- Emblem of Vietnam
- Emblems of the People's Armed Forces' components
- Motto: Không có gì quý hơn độc lập tự do (Nothing is more precious than independence and liberty)
- Service branches: People's Army People's Public Security Forces Militia and Self-Defence Forces
- Headquarters: Hanoi, Vietnam

Leadership
- Secretary of the Central Military Commission: Party General Secretary Tô Lâm
- Chairman of the National Defense and Security Council: State President Tô Lâm
- Deputy Secretary of the Central Military Commission & Minister of National Defence: Army General Phan Văn Giang
- Secretary of the Public Security Party Central Committee & Minister of Public Security: Police General Lương Tam Quang

= Vietnam People's Armed Forces =

Overall military and security establishment of Vietnam

The Vietnam People's Armed Forces (Lực lượng Vũ trang nhân dân Việt Nam – LLVTNDVN) are the armed uniformed services and national security forces of the Socialist Republic of Vietnam. The Armed Forces are placed under the political leadership of the sole-ruling Communist Party of Vietnam and under the supreme command of the Central Military Commission, headed by the General Secretary. It consists of three components: the People's Army of Vietnam which is the military, the People's Public Security of Vietnam which is the law enforcement agency (police), and Vietnam Militia and Self-Defence Force which is the militia.

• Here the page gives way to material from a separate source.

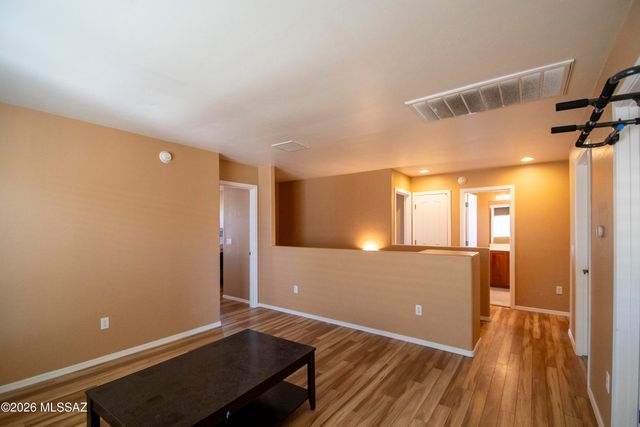 930 S Vista Overlook Drive, Tucson, AZ 85710
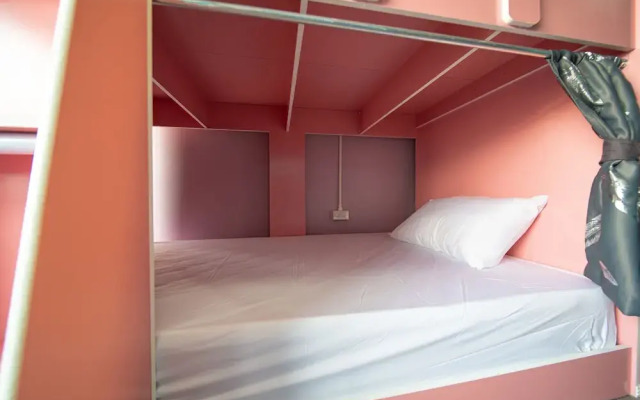 UrbanNest Hostel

==People's Army of Vietnam==

The People's Army of Vietnam (alternatively Vietnam People's Army; Vietnamese: Quân đội nhân dân Việt Nam) is the mainline military force of Vietnam. The PAVN includes: the Vietnam People's Ground Force (including major components like the Special Forces of Vietnam), the Vietnam People's Navy (including Naval Infantry, Naval Special Operation Force and Naval Air Force), the Vietnam People's Air Force (Air Defence - Air Force), the Vietnam Border Guard and the Vietnam Coast Guard.

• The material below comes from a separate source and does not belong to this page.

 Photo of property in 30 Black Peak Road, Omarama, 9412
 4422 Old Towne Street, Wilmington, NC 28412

== People's Public Security of Vietnam ==

The People's Public Security of Vietnam (Vietnamese: Công an nhân dân Việt Nam) is the main police, and security force of Vietnam.

The People's Public Security Forces is the core force of the people's armed forces in performing the task of protecting national security and ensuring social order and safety, and crime prevention and control.

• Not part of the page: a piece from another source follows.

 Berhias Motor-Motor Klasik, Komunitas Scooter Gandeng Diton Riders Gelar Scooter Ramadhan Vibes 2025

The People's Public Security Forces has the functions, tasks, organization, command, and ensures that the operation, service regimes, and regimes and policies of the People's Police comply with the provisions of the Law on People's Public Security and regulations of the People's Public Security other provisions of relevant laws. The State builds a revolutionary, regular, elite, and step-by-step modernized People's Mobile Police Command; prioritize the modernization of some forces. The People's Public Security Forces shall coordinate with the People's Army and Militia and Self-Defense in performing national defense tasks. The coordination between the People's Public Security and the People's Army and Militia and Self-Defense shall comply with the Government's regulations.

== Vietnam Militia and Self-Defence Force ==

The Vietnam Militia and Self-Defence Force is the militia of Vietnam.

Militia and Self-Defense forces are mass armed forces that cannot separate from production and work; is the force protecting the Party, the government, the people's lives and properties, and the State's property in the locality and grassroots; ready to fight, to serve in combat, to be the core of the fight against the enemy in the locality and grassroots when there is a war; participate in building the all-people national defense, defense sector, civil defense, protect national security and ensure social order and safety, fight against crime. The State builds a strong and widespread Militia and Self-Defense force. The organization, tasks, service regime and regimes and policies of the Vietnam Militia and Self-Defense shall comply with the provisions of the Law on Militia and Self-Defense and other relevant laws.